Reap raised $40 million in Series A funding in October 2022. The round was led by Acorn Pacific Ventures, Arcadia Funds, and HashKey Capital, with participation from existing investors including Hustle Fund, Fresco Capital, and Abacus Ventures.

The company previously raised a $5 million seed round in July 2020 led by Global Founders Capital and Bertelsmann Asia Investments, with participation from Index Ventures and Payment Asia.

In total, Reap has raised approximately $59.7 million across its funding rounds since launching in 2018.

Product

Reap provides a unified financial platform that combines corporate cards, cross-border payments, and expense management on stablecoin rails. Companies connect their on-chain stablecoin treasury and traditional bank balances through a single dashboard to orchestrate all their financial operations.

The core product is the Reap Corporate Card, a secured Visa card where the credit limit equals the company's stablecoin collateral. Finance teams can issue virtual or physical cards instantly, set spending controls by merchant category or geography, and enable real-time expense tracking.

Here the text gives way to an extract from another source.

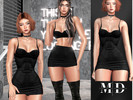 Sims 4 — valentina black bodycon dress top and skirt sets by Mydarling20 — Outfit Information Age Groups: Teens, Young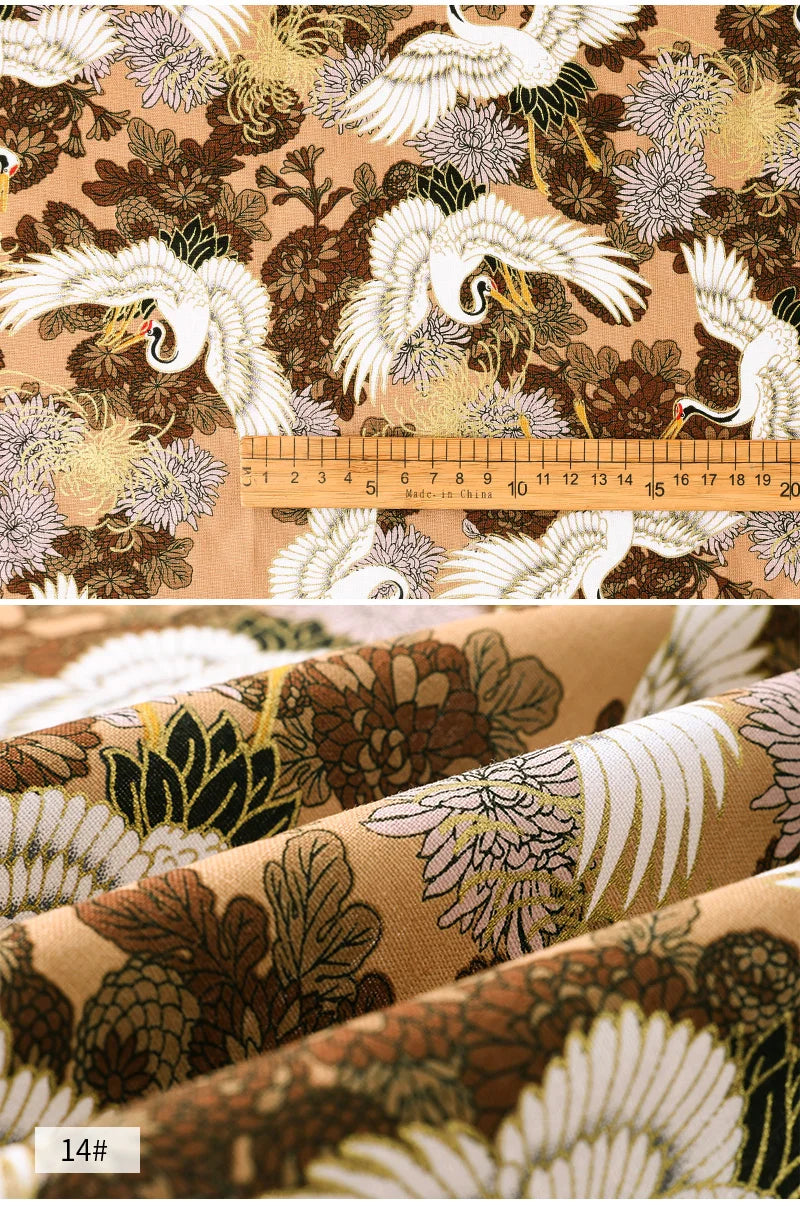 0.5/1/2 Yard 100% Cotton Fabric Traditional Japanese Kimono Style Print DIY Handmade Making Cheongsam, Hanfu, Holiday Decoration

For cross-border payments, companies send USDC or USDT through Reap's platform, and suppliers receive local fiat currency in over 10 currencies through traditional banking rails like SWIFT, SEPA, and local payment networks. Settlement typically occurs same-day during business hours.

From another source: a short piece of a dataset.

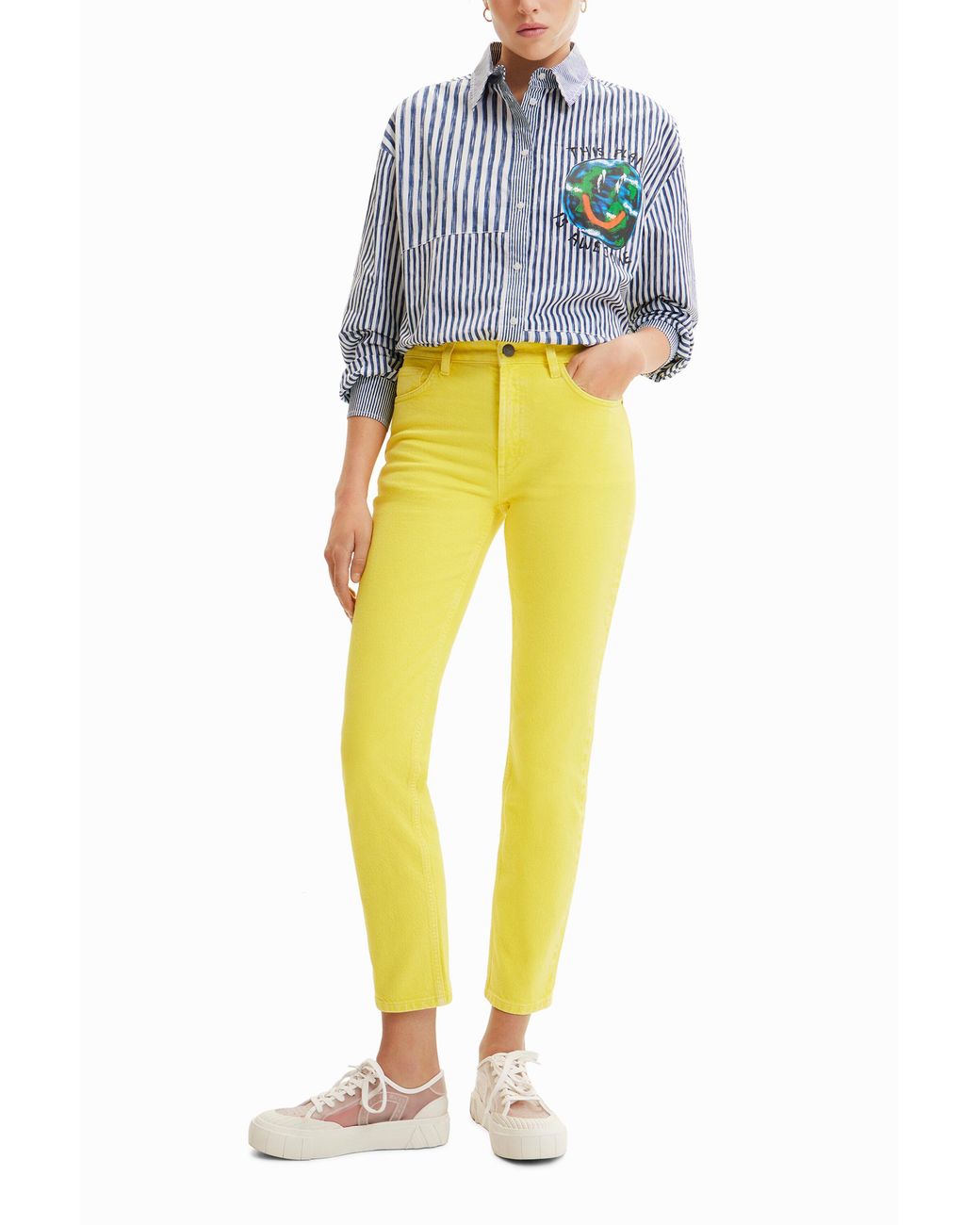 Desigual Yellow Straight Jeans, Cotton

The expense management module captures receipts through AI-powered mobile uploads, enforces spending policies in real-time, and provides analytics that slice spending by team, project, or vendor. All fiat and stablecoin flows appear in a unified ledger for simplified accounting.

Reap also offers embedded finance APIs that let other platforms launch their own branded card programs and payment services. The API handles card issuance, transaction processing, compliance screening, and settlement while the partner maintains the customer relationship.

Business Model

Reap is a B2B financial infrastructure provider with a hybrid SaaS and transaction-based revenue model. The company targets venture-backed Web3 startups, import-export SMEs, and businesses that hold significant working capital in stablecoins.

Revenue comes from three sources: interchange fees on card transactions, foreign exchange spreads on cross-border payments, and subscription fees for premium features. The interchange model generates 70-170 basis points per transaction, while FX spreads vary by currency corridor and transaction size.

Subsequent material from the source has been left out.